[Material provided]
====

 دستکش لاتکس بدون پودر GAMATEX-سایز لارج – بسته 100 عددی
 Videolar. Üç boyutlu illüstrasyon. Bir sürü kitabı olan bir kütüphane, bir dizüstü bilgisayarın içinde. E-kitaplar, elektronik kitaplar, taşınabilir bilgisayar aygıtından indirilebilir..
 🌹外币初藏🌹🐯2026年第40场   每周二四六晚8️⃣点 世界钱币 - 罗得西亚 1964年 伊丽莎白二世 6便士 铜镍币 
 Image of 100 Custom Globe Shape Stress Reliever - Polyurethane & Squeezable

====

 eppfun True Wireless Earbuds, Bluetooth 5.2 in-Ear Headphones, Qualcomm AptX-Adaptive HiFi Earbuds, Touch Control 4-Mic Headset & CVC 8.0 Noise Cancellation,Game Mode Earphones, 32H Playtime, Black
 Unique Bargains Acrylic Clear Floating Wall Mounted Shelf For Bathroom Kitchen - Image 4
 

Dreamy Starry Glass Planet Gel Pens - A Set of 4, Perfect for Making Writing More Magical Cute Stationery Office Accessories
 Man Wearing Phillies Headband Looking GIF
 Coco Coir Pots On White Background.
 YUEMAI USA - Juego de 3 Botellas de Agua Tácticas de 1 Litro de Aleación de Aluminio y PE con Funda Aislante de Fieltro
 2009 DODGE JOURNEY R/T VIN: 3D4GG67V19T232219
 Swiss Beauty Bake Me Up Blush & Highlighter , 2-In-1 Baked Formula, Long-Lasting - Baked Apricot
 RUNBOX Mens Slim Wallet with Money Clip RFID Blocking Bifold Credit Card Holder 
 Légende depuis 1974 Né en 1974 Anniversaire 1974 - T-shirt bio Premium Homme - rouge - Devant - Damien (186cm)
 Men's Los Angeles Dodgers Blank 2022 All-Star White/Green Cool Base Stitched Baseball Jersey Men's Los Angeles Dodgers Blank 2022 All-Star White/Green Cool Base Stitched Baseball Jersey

====

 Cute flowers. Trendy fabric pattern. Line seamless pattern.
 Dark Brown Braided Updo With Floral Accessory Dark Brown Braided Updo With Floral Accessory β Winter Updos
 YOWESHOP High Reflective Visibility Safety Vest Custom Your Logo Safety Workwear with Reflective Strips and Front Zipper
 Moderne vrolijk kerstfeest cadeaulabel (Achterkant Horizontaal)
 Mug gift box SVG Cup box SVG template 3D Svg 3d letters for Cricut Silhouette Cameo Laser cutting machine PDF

====

[Exercise aim]
The lines to extract from the data above begin with the line containing "دستکش لاتکس بدون" and end with the line containing "Image of 100". Extract them exactly, including both.

[Solution to the problem]
 دستکش لاتکس بدون پودر GAMATEX-سایز لارج – بسته 100 عددی
 Videolar. Üç boyutlu illüstrasyon. Bir sürü kitabı olan bir kütüphane, bir dizüstü bilgisayarın içinde. E-kitaplar, elektronik kitaplar, taşınabilir bilgisayar aygıtından indirilebilir..
 🌹外币初藏🌹🐯2026年第40场   每周二四六晚8️⃣点 世界钱币 - 罗得西亚 1964年 伊丽莎白二世 6便士 铜镍币 
 Image of 100 Custom Globe Shape Stress Reliever - Polyurethane & Squeezable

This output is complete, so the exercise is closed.